** What the exercise asks **
Please give back, exactly as written, the lines from the line with "So really super" to the line with "In May 2024, ZDI" in the listing below, leaving out all pictures.

Provided material Block Start

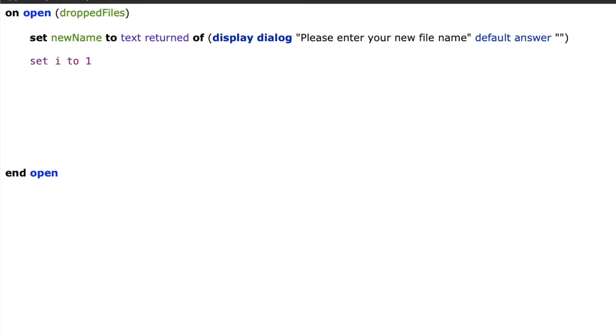Next I'm going to create a counter so I'm going to say set i to one and this will be because we know that the users are going to drop one or many files and this will allow us to change the name of those files to the name that they give us plus an incrementing number.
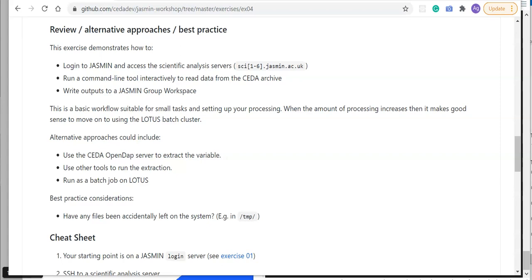You could use other tools to run the extraction, such as other Python libraries like Iris, CF-Python, or xarray, and you could of course run the job as a batch job on LOTUS. One best practice consideration for this kind of work is just to make sure that you haven't accidentally left any files on the file system that need cleaning up. There are some tools that may cache temporary files in /tmp. That can cause a problem if there are lots of users on a single node on LOTUS or a single sci server where processes are leaving data around in the temporary directory. Please just make sure that you're aware of any side effects of what your code is doing.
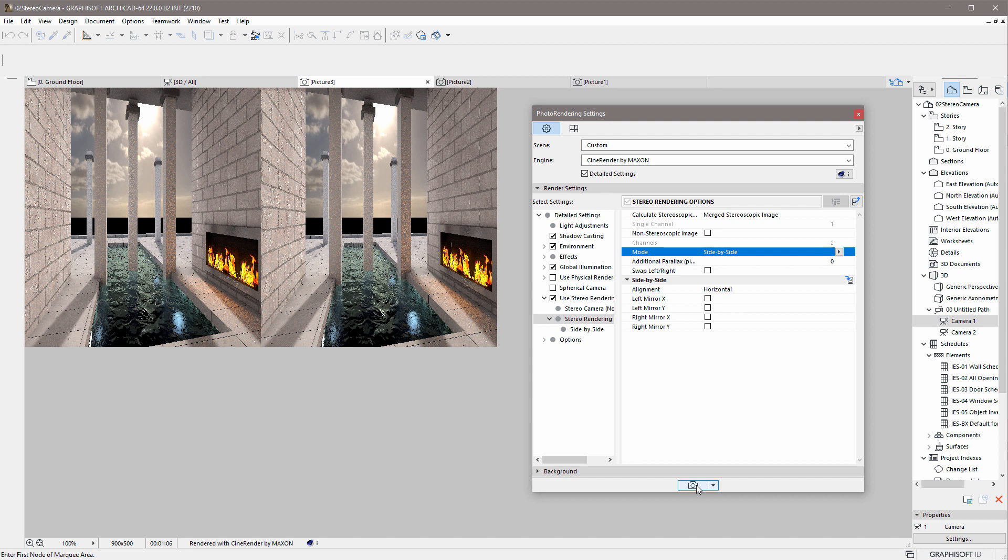Before starting to render a stereoscopic scene, it is important to know in advance the stereo glasses and publication method that will be used to view the image.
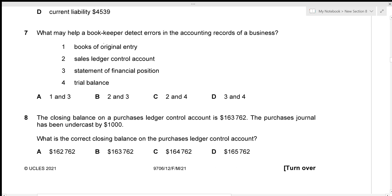What may help a bookkeeper detect errors? Books of original entry are the first entries — we can't easily detect mistakes there. The sales ledger control account can detect errors if its balance doesn't equal the sales ledger balance — correct. The statement of financial position always balances regardless of errors — so that won't detect them. The trial balance opens a suspense account when debit and credit sides don't match, revealing errors. The correct answer is 2 and 4 — option C.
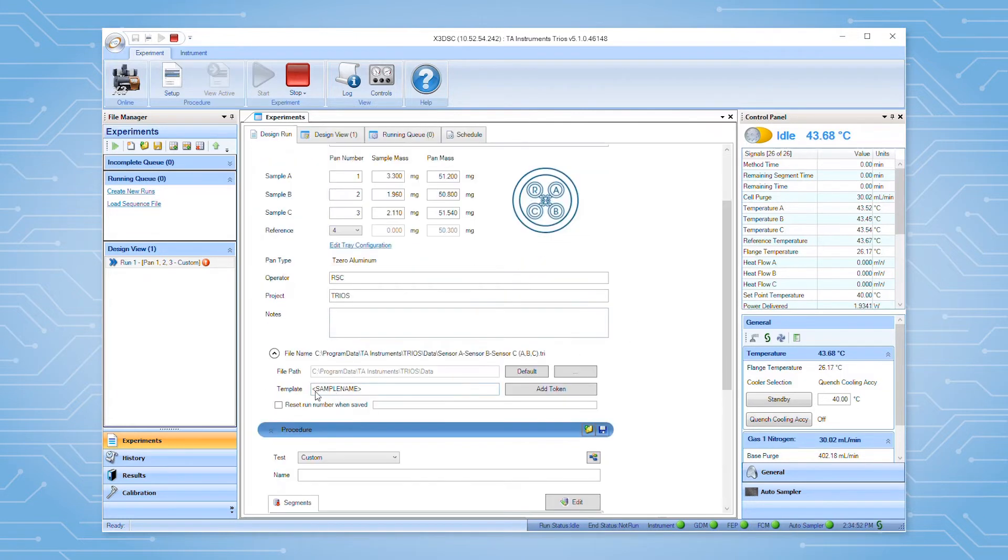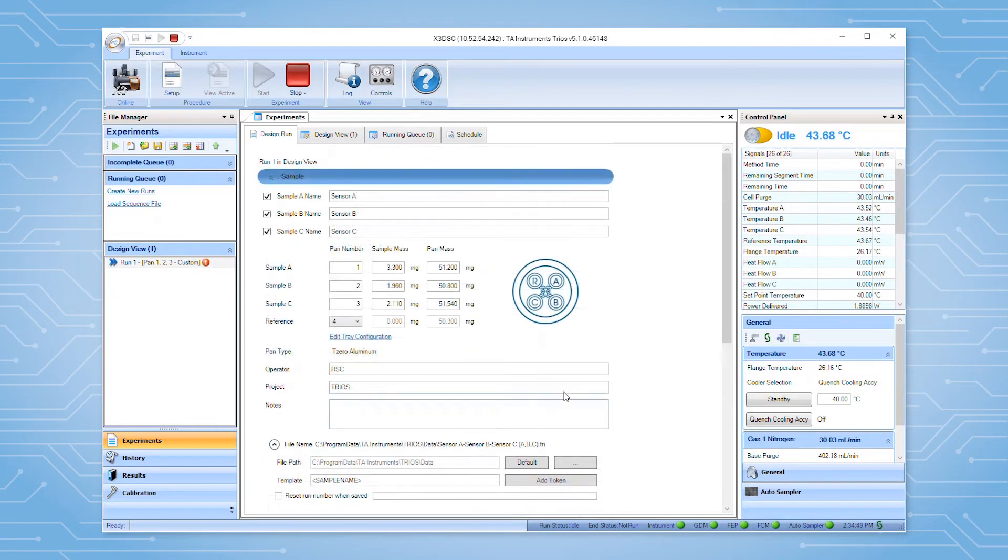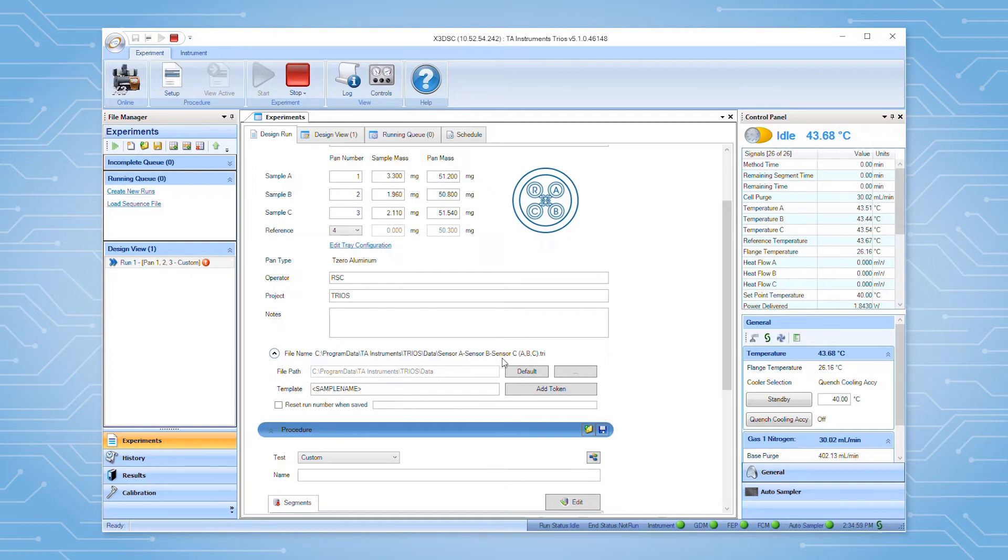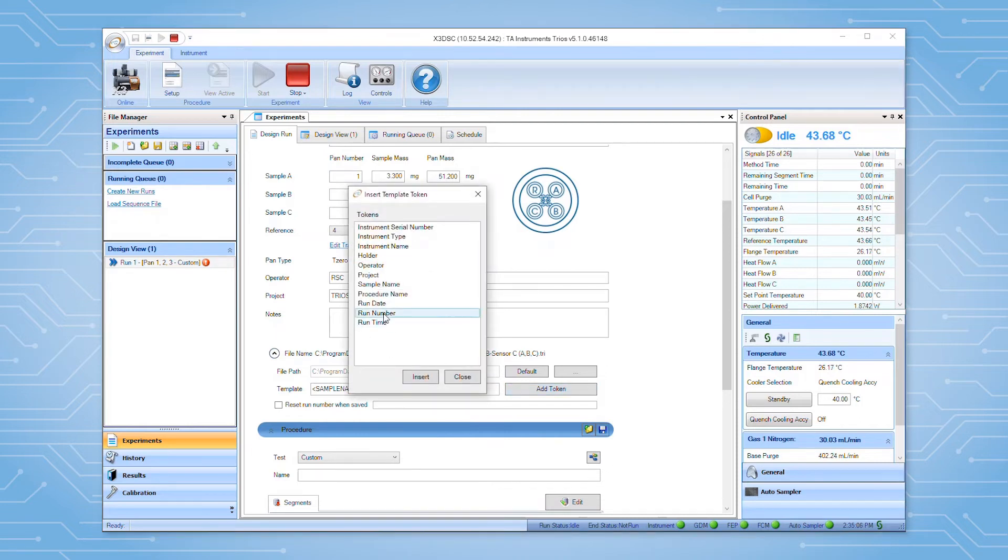If desired, data file naming can be modified in this portion of the form as well. Out of the box, TRIOS uses the sample name token when creating data files. For the X3 DSC, this token appends the names for samples A, B, and C as seen here. Additional tokens can be added by clicking the add token button and selecting from a list of available tokens.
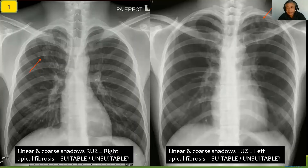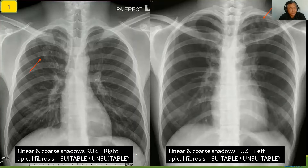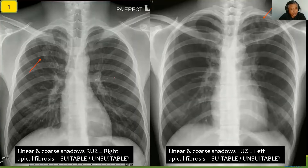Let's look at these two X-rays. The first one on the left — the arrow is pointing to linear and coarse shadows in the right upper zone. This is typical right apical fibrosis, so definitely this will not be suitable. Now how do we determine that there is fibrosis there? If you can see on the left hand side, there are also linear shadows. However, these linear shadows are just blood vessels.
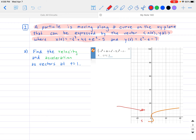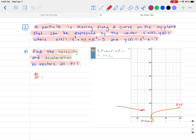The first part: find the velocity and acceleration as vectors at t equals 1. To find velocity, take the derivative of the function with respect to time. I need to solve for dx/dt and dy/dt, because those are the velocity in each respective component. dx/dt is the horizontal component — how fast you're moving horizontally — whereas dy/dt is how fast you're moving vertically. Then I want to solve for it when t equals 1.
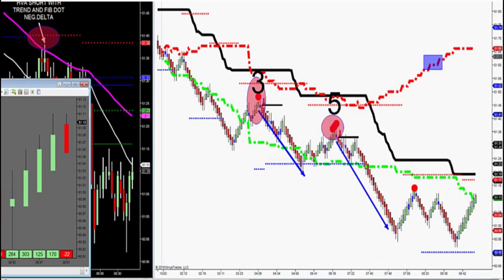If you know anything about Elliott Wave, it has two wave patterns that are impulse waves: wave three and wave five. What we want to try to do is get on a wave three or wave five pattern on any market you trade. This works on all futures, all stocks, all currencies.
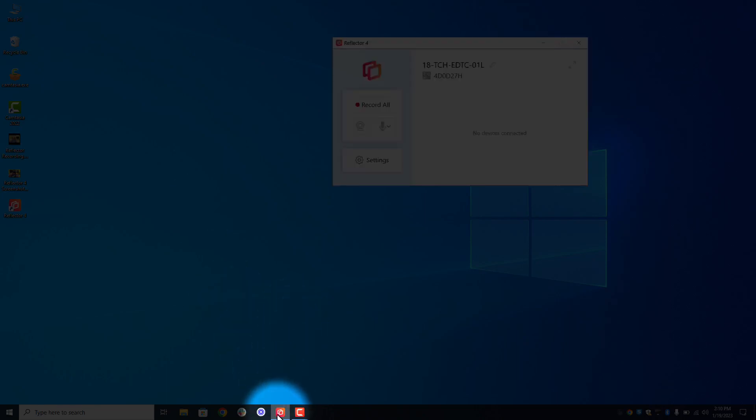So really super easy. It should be very seamless from moving over from AirServer, but as always, if you have any questions about how to use it please reach out to your site tech liaison or your instructional coach and we'd be more than happy to help you out. Have a great day.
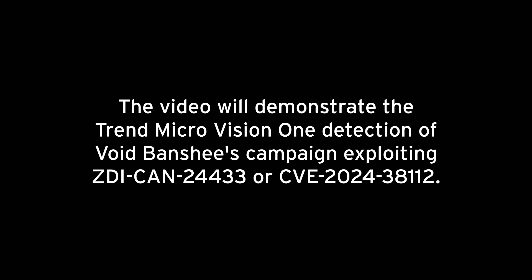In May 2024, ZDI threat researchers disclosed an MSHTML remote code execution bug to Microsoft as ZDI Candidate 24433, which was patched as part of the July security update. Trend Micro customers have been protected from the zero day by rules detecting this vulnerability before the patch was released.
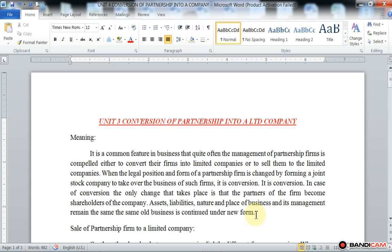In case of conversion, the only change that takes place is that the partners of the firm become shareholders of the company, and assets, liabilities, nature, place of business, and management remain the same. The same old business is continued under a new form. The business done in the partnership firm is the same as in the limited company — only a slight difference is that partners become shareholders.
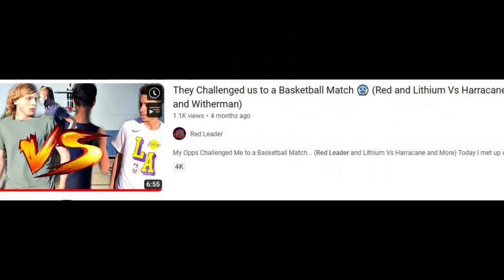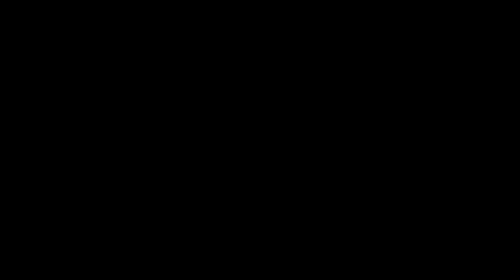And finally, my second sponsorship video. Now for the biggest amount of money Oshop is indebted by, my second promotion video. The basketball match between myself and Lithium against Harry Kane, Bond and Witherman. If you guys remember, this video had a sponsorship segment. Now based off the document, I can tell you guys the amount he owes me is ridiculous.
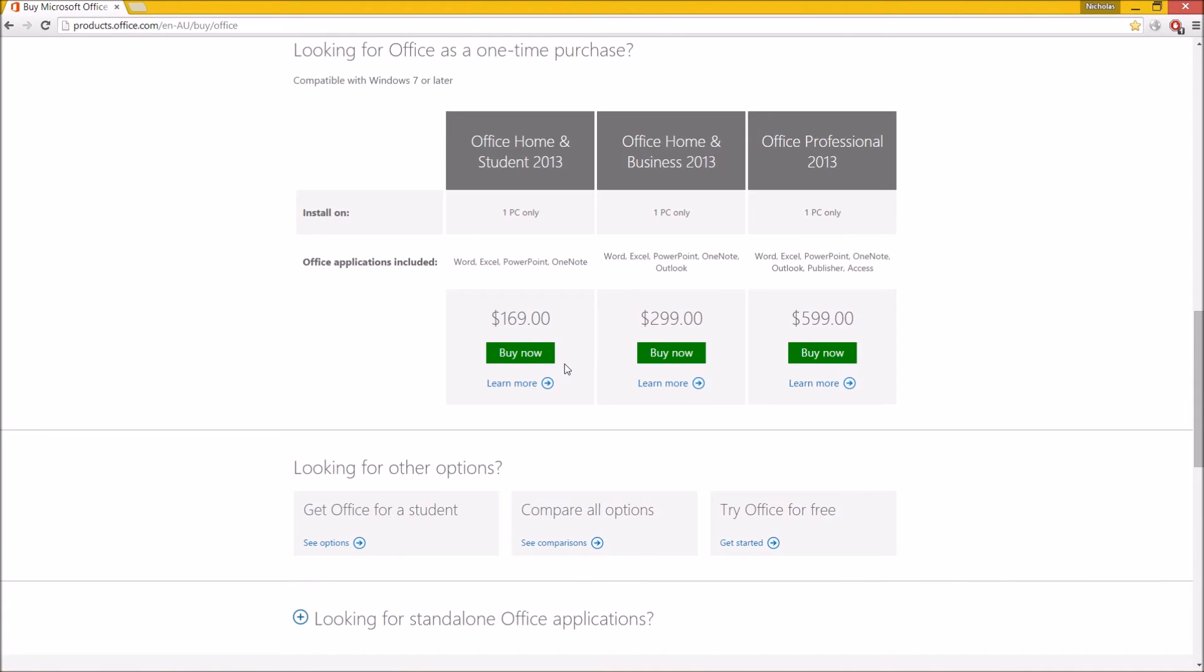If you do not like that option, you can actually go to a good old brick-and-mortar Harvey Norman, Good Guys, and buy yourself a copy of 2013. It may not be as cheap, but you will get a CD, DVD I should say, and you can come home, jam it into your computer, and install it along with me in the next video.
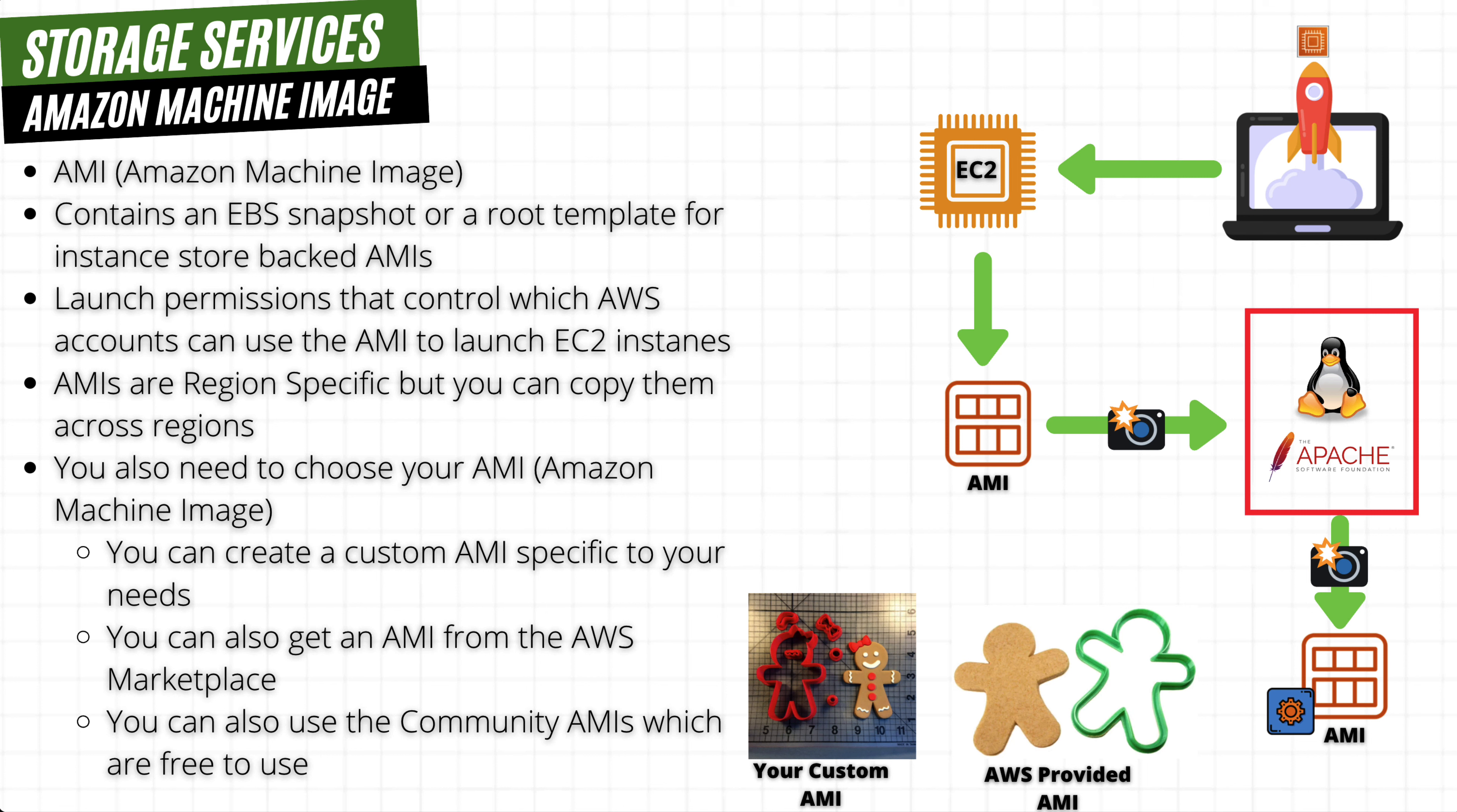Another thing to keep in mind is that some AWS AMIs are region based, which means that they are only available in certain regions. Also when you create an AMI, it will only be available in the region you created it, but you can copy it to another AWS region to make it available there.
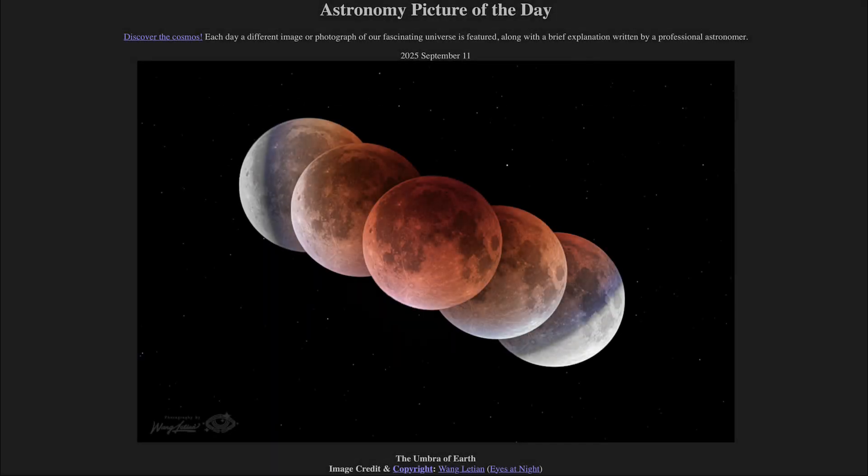Greetings and welcome to the Astronomy Picture of the Day podcast. Today's picture for September 11th of 2025 is titled The Umbra of Earth.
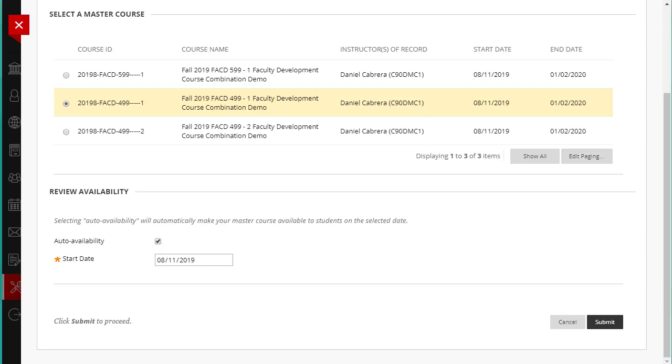If you wish to opt-out of Auto Availability, uncheck the box. In this case, you will need to make the course available manually when you are ready for students to access the course. If everything looks correct, click Submit.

Provided material Block End

** Answer space **
So really super easy. It should be very seamless from moving over from AirServer, but as always, if you have any questions about how to use it please reach out to your site tech liaison or your instructional coach and we'd be more than happy to help you out. Have a great day.
In May 2024, ZDI threat researchers disclosed an MSHTML remote code execution bug to Microsoft as ZDI Candidate 24433, which was patched as part of the July security update. Trend Micro customers have been protected from the zero day by rules detecting this vulnerability before the patch was released.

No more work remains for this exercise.